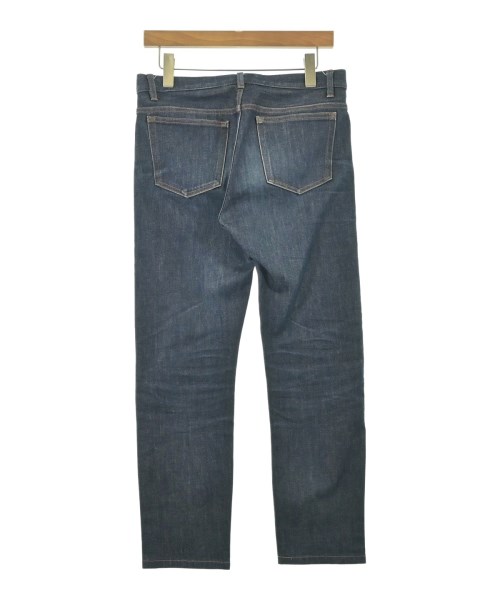 A.P.C.（アーペーセー）デニムパンツ 紺 サイズ:30(M位) メンズ/2200671977023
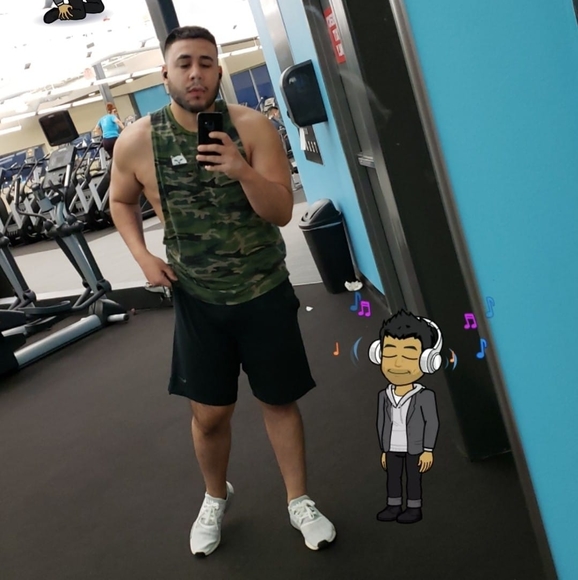 nuggetstony1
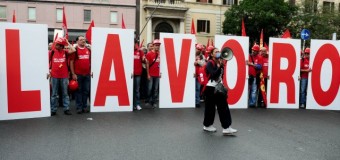 Articolo 18, ecco le novità proposte nella nuova Riforma del Lavoro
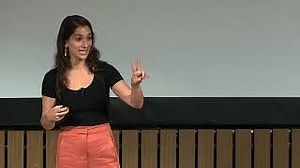 Reimagining, Redefining, and Rebuilding Higher Education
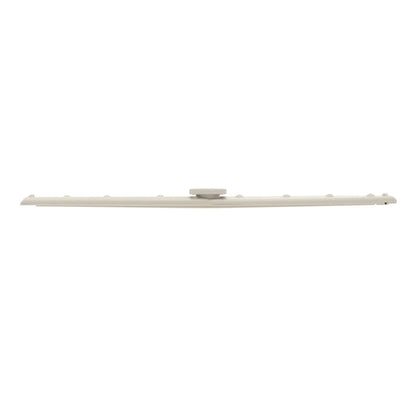 WPW10317197 Whirlpool Dishwasher Upper Spray Arm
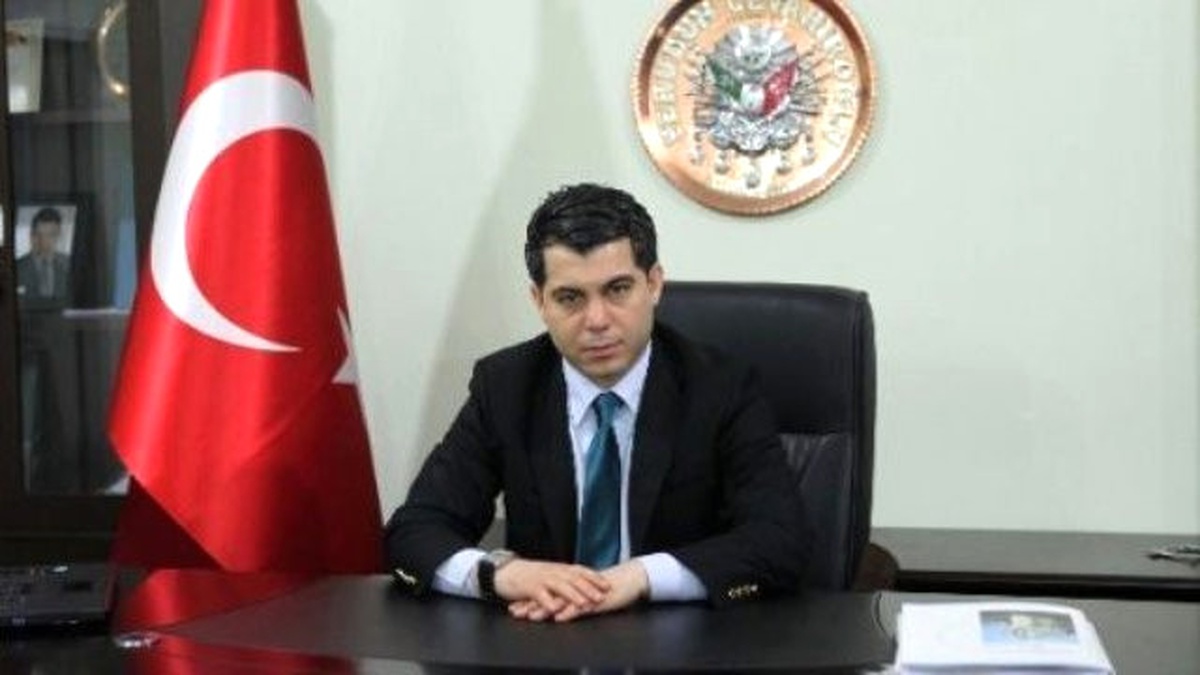 Gençlik ve Spor Konfederasyonundan Arap Birliğine Çağrı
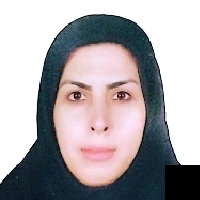 تلفن و آدرس مژگان علی کائی در ورامین (روانشناسی)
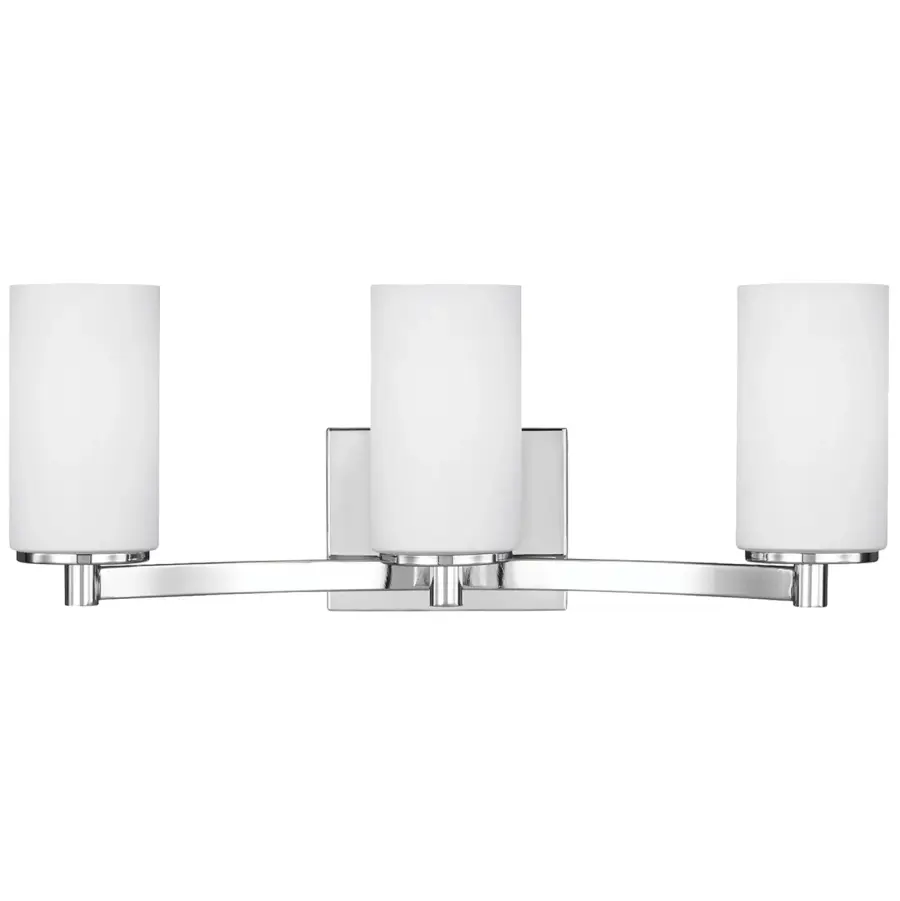 The Generation Lighting - Hettinger by Generation Lighting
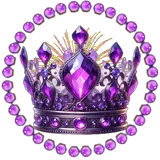 Figurinha de reação para WhatsApp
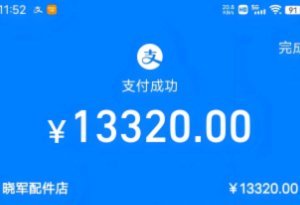 花呗额度提升技巧：实用方法揭秘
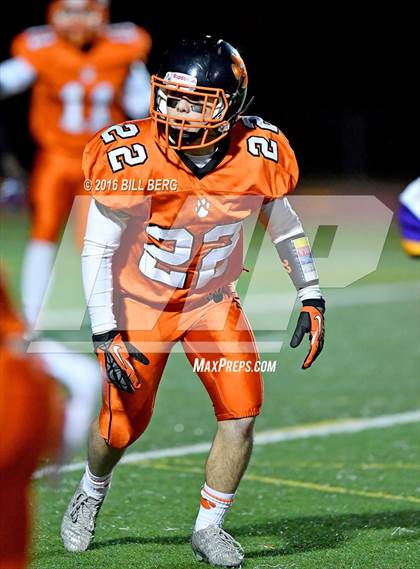 Thumbnail 2 in Westhill @ Ridgefield photogallery.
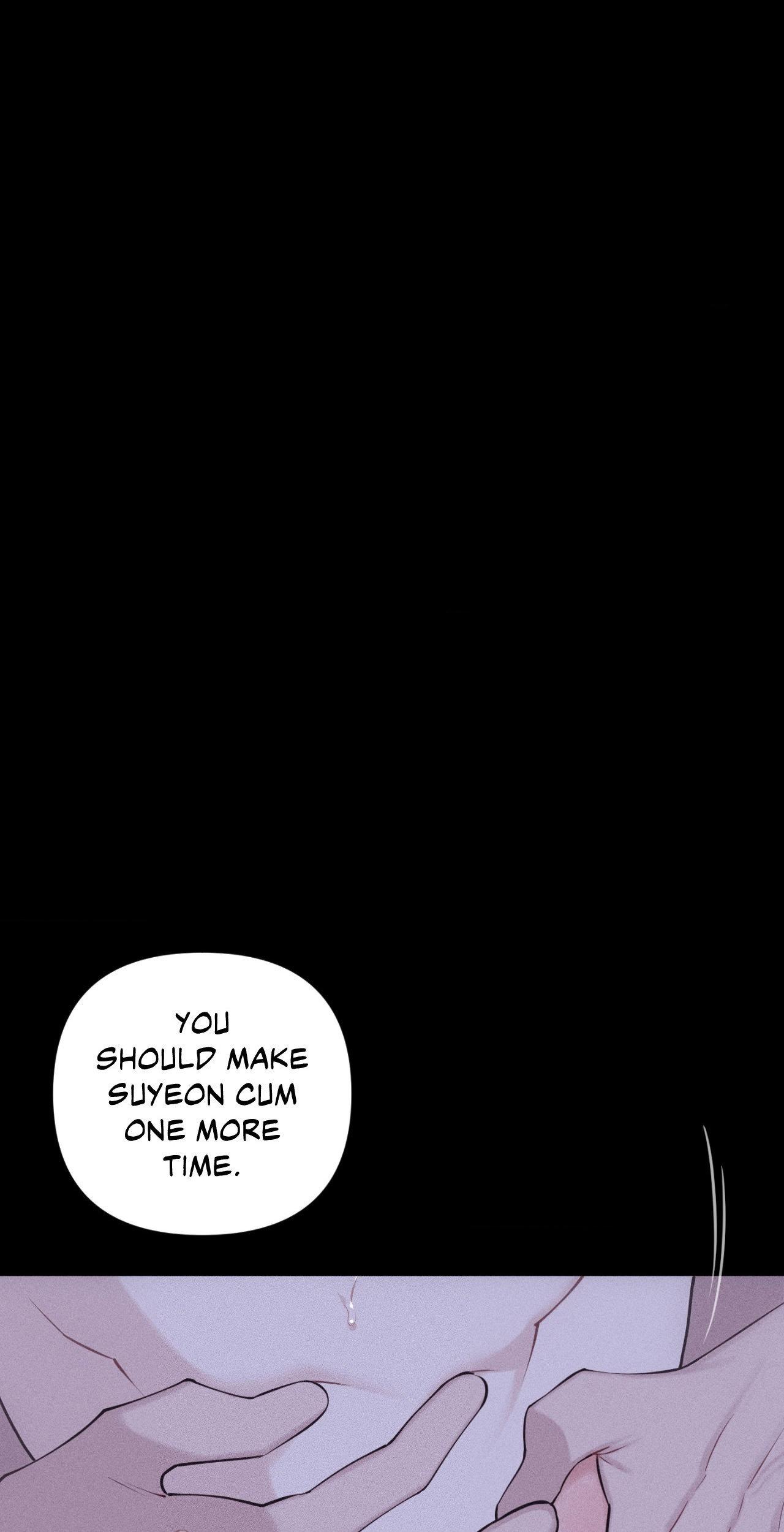 Form of Broken Love Chapter 55 page 59 - 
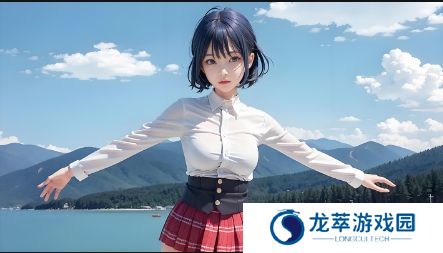 我女朋友的妈妈双字ID5背后隐藏了哪些秘密?
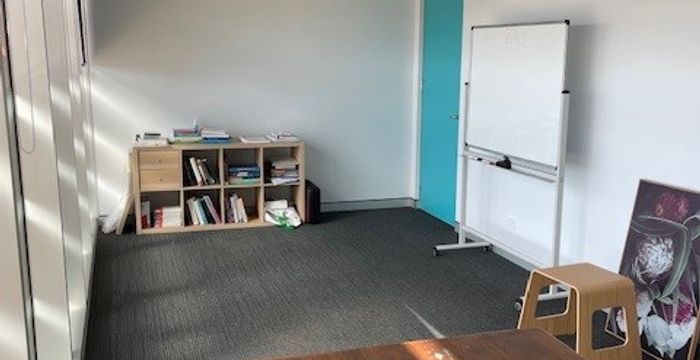 117 Old Pittwater Road, Brookvale - Image 5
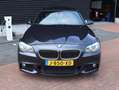 BMW 535 Touring 535i Executive | M-sport | Pano | 360 came Grau - thumbnail 32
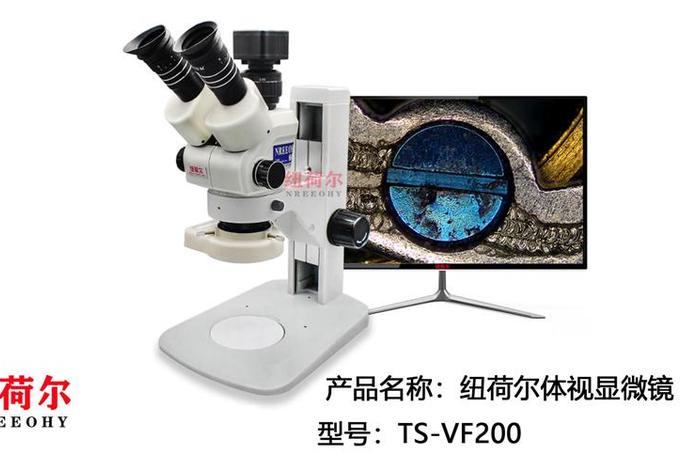 超生活体显微镜检查uba检查什么 us超生检查是检查哪里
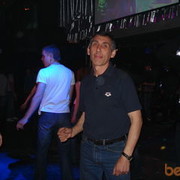  ,   VOVCHIK, 65 ,  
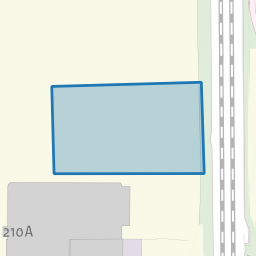 Perceel STD00-D-6729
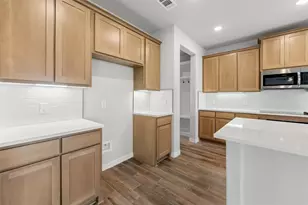 109 Snowy Owl Trl, New Fairview, TX 76078 - Photo 13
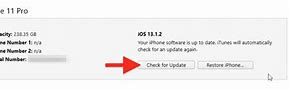 Image result for iTunes System Hard Reset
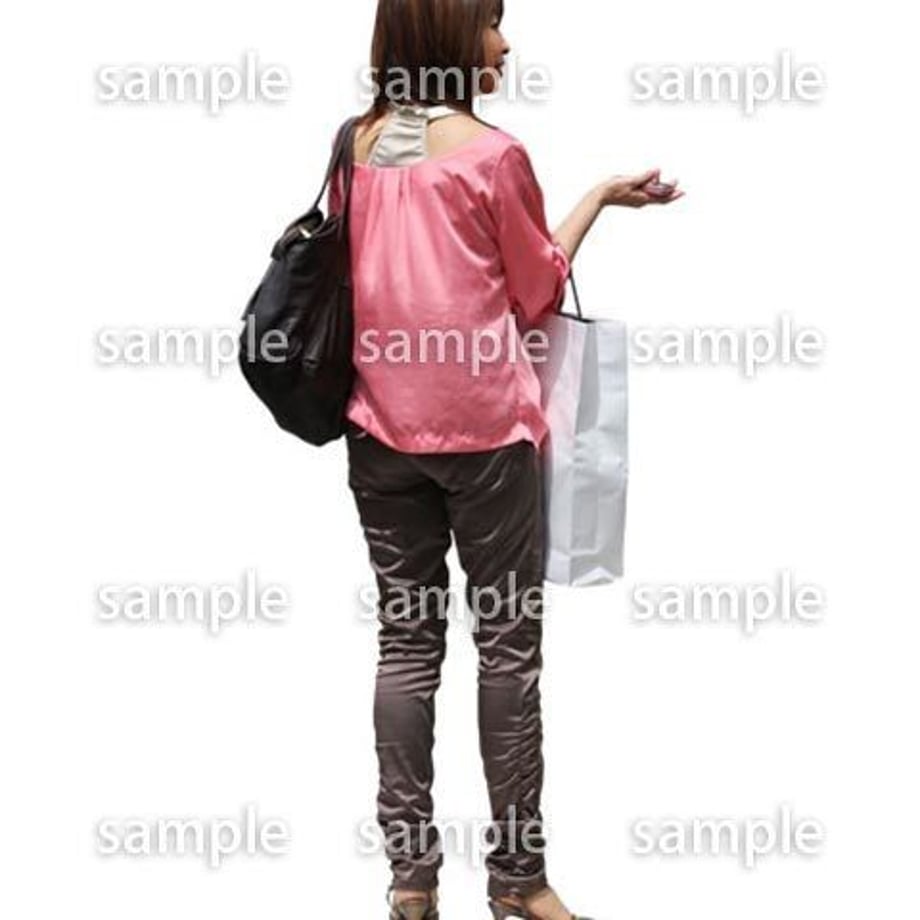 5b87bf83a6e6ee2d710004d8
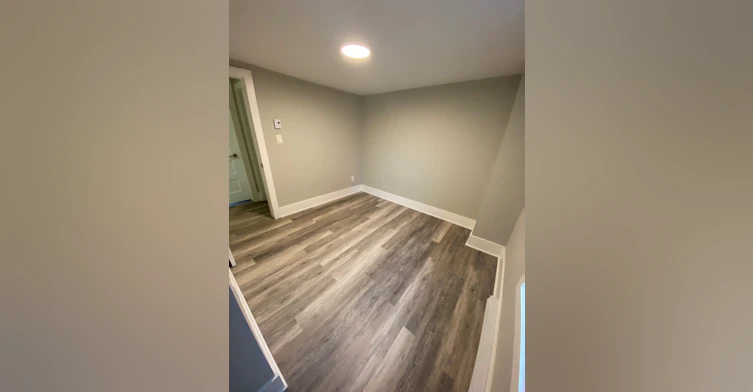 2423-2421 De Maisonneuve East, Montréal, QC, H2K 2E8 - 6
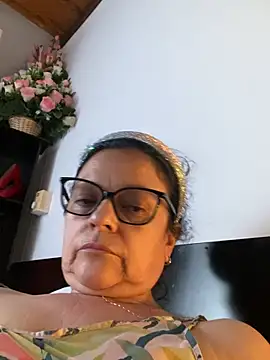 Sharongirl07 - Toy control inútil squirt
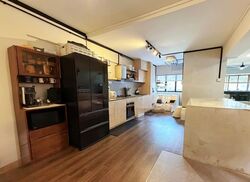 Blk 145 Lorong Ah Soo (Hougang), HDB Executive #606738371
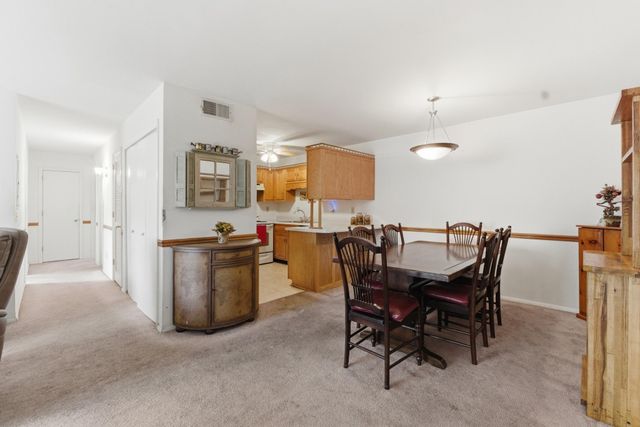 900 Mountain Creek Rd Apt T391, Chattanooga, TN 37405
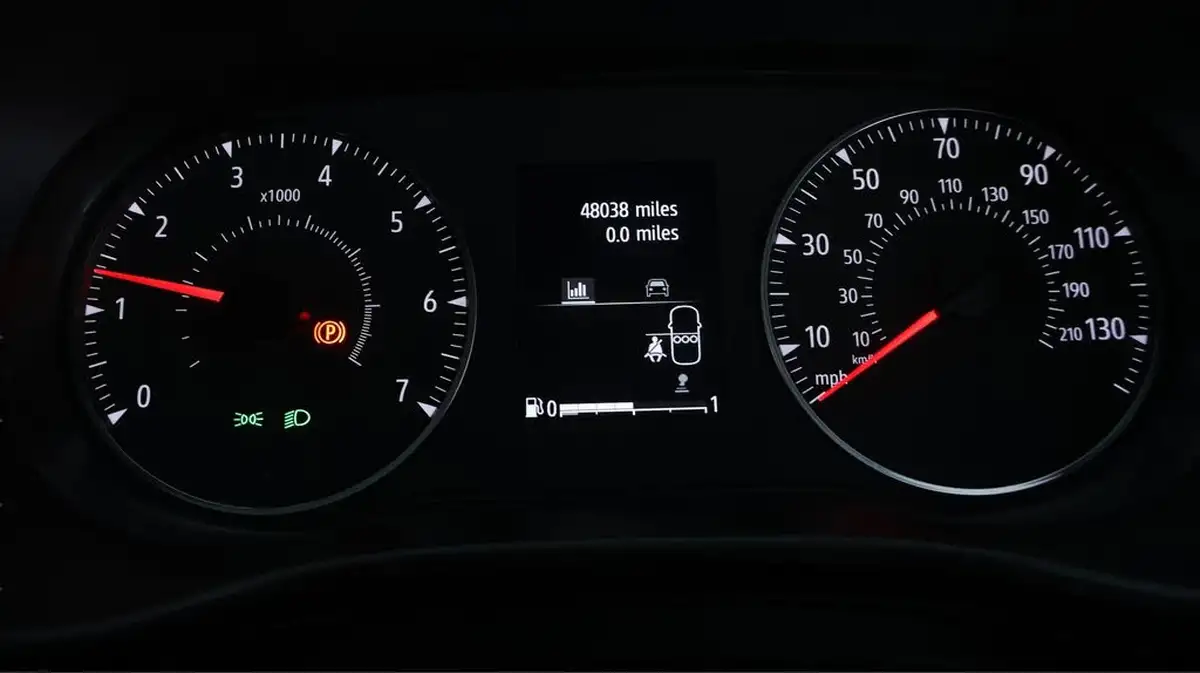 2022-dacia-sandero-10-tce-comfort-90bhp-big-9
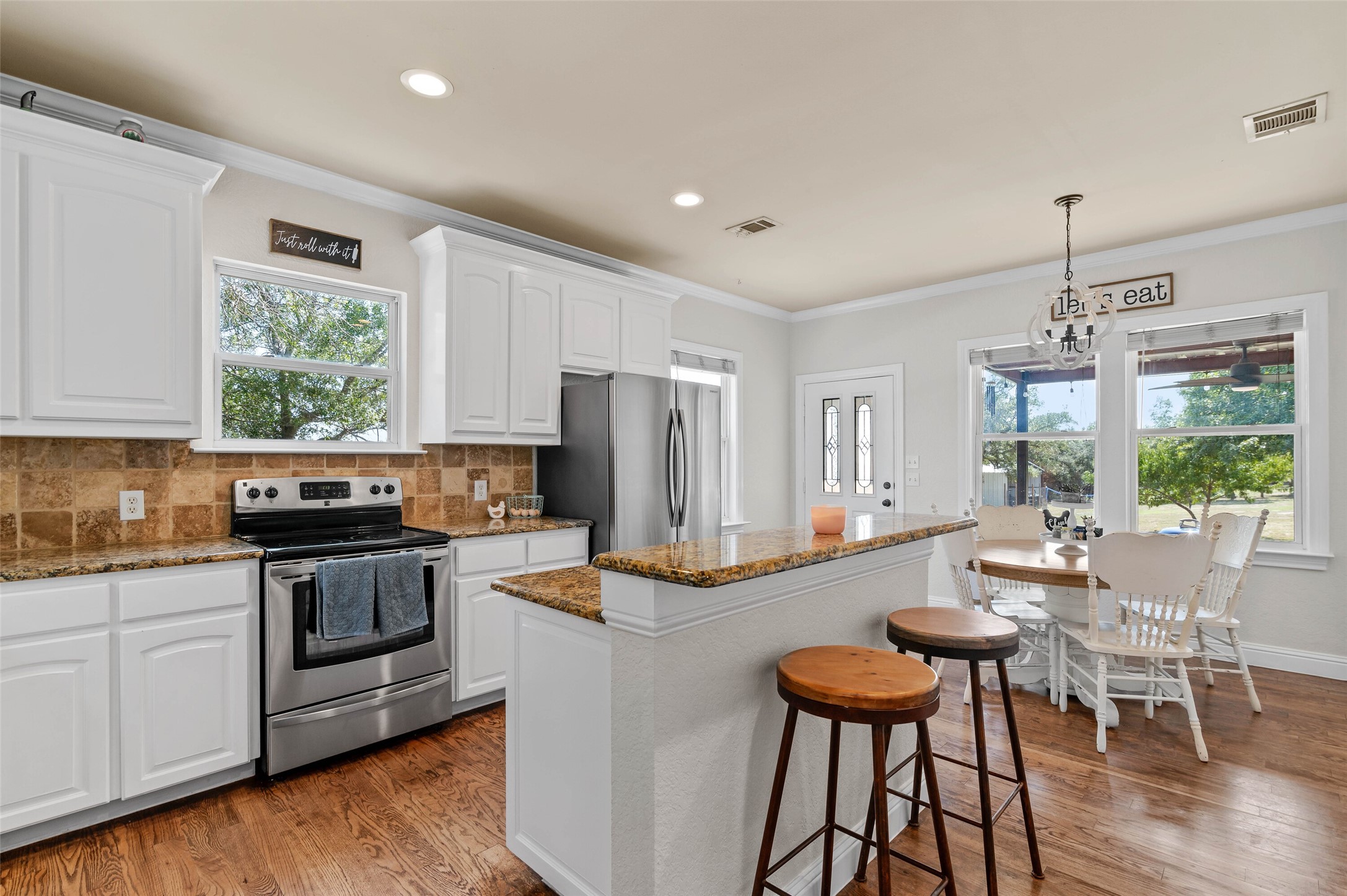 180 Shady Grove Lane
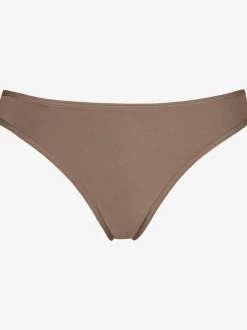 Lot de 4 strings lascana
=======
* Task instructions: Repeat the material exactly. Skip the images.

* Answer for this exercise:
 A.P.C.（アーペーセー）デニムパンツ 紺 サイズ:30(M位) メンズ/2200671977023
 nuggetstony1
 Articolo 18, ecco le novità proposte nella nuova Riforma del Lavoro
 Reimagining, Redefining, and Rebuilding Higher Education
 WPW10317197 Whirlpool Dishwasher Upper Spray Arm
 Gençlik ve Spor Konfederasyonundan Arap Birliğine Çağrı
 تلفن و آدرس مژگان علی کائی در ورامین (روانشناسی)
 The Generation Lighting - Hettinger by Generation Lighting
 Figurinha de reação para WhatsApp
 花呗额度提升技巧：实用方法揭秘
 Thumbnail 2 in Westhill @ Ridgefield photogallery.
 Form of Broken Love Chapter 55 page 59 - 
 我女朋友的妈妈双字ID5背后隐藏了哪些秘密?
 117 Old Pittwater Road, Brookvale - Image 5
 BMW 535 Touring 535i Executive | M-sport | Pano | 360 came Grau - thumbnail 32
 超生活体显微镜检查uba检查什么 us超生检查是检查哪里
  ,   VOVCHIK, 65 ,  
 Perceel STD00-D-6729
 109 Snowy Owl Trl, New Fairview, TX 76078 - Photo 13
 Image result for iTunes System Hard Reset
 5b87bf83a6e6ee2d710004d8
 2423-2421 De Maisonneuve East, Montréal, QC, H2K 2E8 - 6
 Sharongirl07 - Toy control inútil squirt
 Blk 145 Lorong Ah Soo (Hougang), HDB Executive #606738371
 900 Mountain Creek Rd Apt T391, Chattanooga, TN 37405
 2022-dacia-sandero-10-tce-comfort-90bhp-big-9
 180 Shady Grove Lane
 Lot de 4 strings lascana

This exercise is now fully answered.